In advance of a potential new collective bargaining agreement, the NFL and NFL Players Association are projecting the league's salary cap to rise to $200 million in 2020, marking the seventh straight year the cap has increased by at least $10 million.

That's according to NFL Network's Tom Pelissero, who reported Friday the estimated increase is likely to go into effect regardless of whether the proposed new CBA is ratified. Negotiations are ongoing in regards to both the cap and CBA, Pelissero added, so depending on whether players vote to enact the new CBA and, thus, expand the NFL's postseason in 2020, that figure could go up even more if additional revenue is counted toward the salary cap.

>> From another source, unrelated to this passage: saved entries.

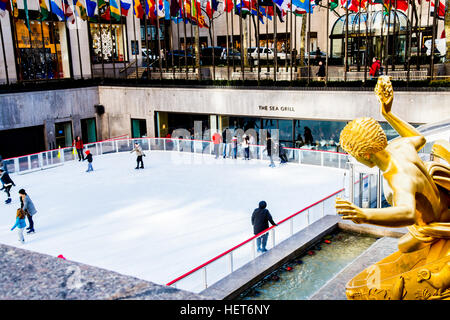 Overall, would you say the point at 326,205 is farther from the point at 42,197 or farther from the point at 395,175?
the point at 42,197

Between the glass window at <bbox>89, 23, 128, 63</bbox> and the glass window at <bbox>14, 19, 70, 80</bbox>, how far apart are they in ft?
7.47

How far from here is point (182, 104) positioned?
23500 millimetres

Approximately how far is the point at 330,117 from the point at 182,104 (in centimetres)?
804

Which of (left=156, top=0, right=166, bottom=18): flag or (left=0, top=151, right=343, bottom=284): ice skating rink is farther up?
(left=156, top=0, right=166, bottom=18): flag

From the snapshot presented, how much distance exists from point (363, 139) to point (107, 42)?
28.6m

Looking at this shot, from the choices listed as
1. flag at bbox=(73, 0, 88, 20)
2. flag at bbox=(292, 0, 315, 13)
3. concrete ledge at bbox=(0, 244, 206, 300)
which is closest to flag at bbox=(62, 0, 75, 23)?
flag at bbox=(73, 0, 88, 20)

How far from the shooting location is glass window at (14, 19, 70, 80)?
81.6 ft

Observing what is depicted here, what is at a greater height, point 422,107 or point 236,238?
point 422,107

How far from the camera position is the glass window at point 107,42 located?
2905cm

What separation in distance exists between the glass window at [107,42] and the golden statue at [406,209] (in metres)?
25.7

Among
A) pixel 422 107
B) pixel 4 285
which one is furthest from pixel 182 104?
pixel 4 285

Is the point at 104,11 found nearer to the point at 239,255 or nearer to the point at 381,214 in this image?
the point at 239,255

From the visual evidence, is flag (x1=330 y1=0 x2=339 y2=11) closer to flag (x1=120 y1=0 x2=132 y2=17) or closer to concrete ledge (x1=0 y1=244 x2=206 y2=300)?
flag (x1=120 y1=0 x2=132 y2=17)

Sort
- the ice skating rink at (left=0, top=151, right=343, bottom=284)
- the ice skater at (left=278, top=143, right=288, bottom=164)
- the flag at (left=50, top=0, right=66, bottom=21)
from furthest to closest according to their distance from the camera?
the flag at (left=50, top=0, right=66, bottom=21) < the ice skater at (left=278, top=143, right=288, bottom=164) < the ice skating rink at (left=0, top=151, right=343, bottom=284) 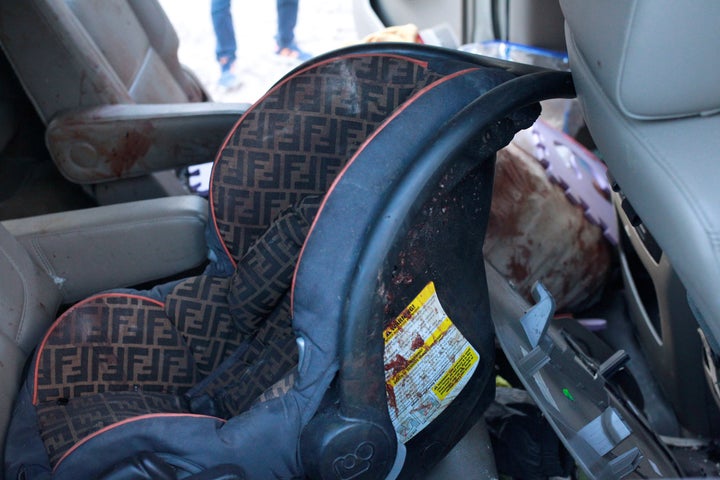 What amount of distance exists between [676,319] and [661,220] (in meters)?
0.46

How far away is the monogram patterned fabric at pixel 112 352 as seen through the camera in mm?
1012

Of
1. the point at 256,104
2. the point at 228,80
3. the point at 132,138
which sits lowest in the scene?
the point at 228,80

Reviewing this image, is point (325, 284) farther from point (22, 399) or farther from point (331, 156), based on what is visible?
point (22, 399)

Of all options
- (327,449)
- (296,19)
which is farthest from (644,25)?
(296,19)

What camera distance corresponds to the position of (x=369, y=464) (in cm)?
80

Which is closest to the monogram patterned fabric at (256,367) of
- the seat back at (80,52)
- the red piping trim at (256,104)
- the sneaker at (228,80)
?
→ the red piping trim at (256,104)

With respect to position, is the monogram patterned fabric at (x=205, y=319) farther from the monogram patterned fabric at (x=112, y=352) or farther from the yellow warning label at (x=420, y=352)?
the yellow warning label at (x=420, y=352)

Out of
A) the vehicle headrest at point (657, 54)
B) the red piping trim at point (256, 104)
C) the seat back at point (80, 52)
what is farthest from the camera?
the seat back at point (80, 52)

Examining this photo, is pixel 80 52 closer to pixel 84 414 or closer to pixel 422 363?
pixel 84 414

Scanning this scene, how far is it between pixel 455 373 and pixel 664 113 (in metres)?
0.37

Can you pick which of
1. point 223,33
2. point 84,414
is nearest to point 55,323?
point 84,414

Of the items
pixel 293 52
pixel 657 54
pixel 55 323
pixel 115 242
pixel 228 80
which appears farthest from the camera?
pixel 293 52

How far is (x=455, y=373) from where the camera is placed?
896 mm

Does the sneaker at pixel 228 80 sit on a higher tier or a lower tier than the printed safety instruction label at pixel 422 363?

When all is said and done, all 32 NFL teams are expected to have at least $11.8 million more to spend than they did in 2019, when the cap was set at $188.2 million.

An annual, league-wide limit on player expenses for NFL teams, the cap has risen ever since the implementation of the current CBA in 2011, which followed a rare uncapped season in 2010. The largest increase came between the 2016 and 2017 seasons, when the cap jumped by almost $12 million. First introduced at $34.6 million in 1994, it's expected to be the highest it's ever been entering 2020.

With the 2020 league year expected to kick off on March 18, teams will officially be eligible to start using their cap space in free agency.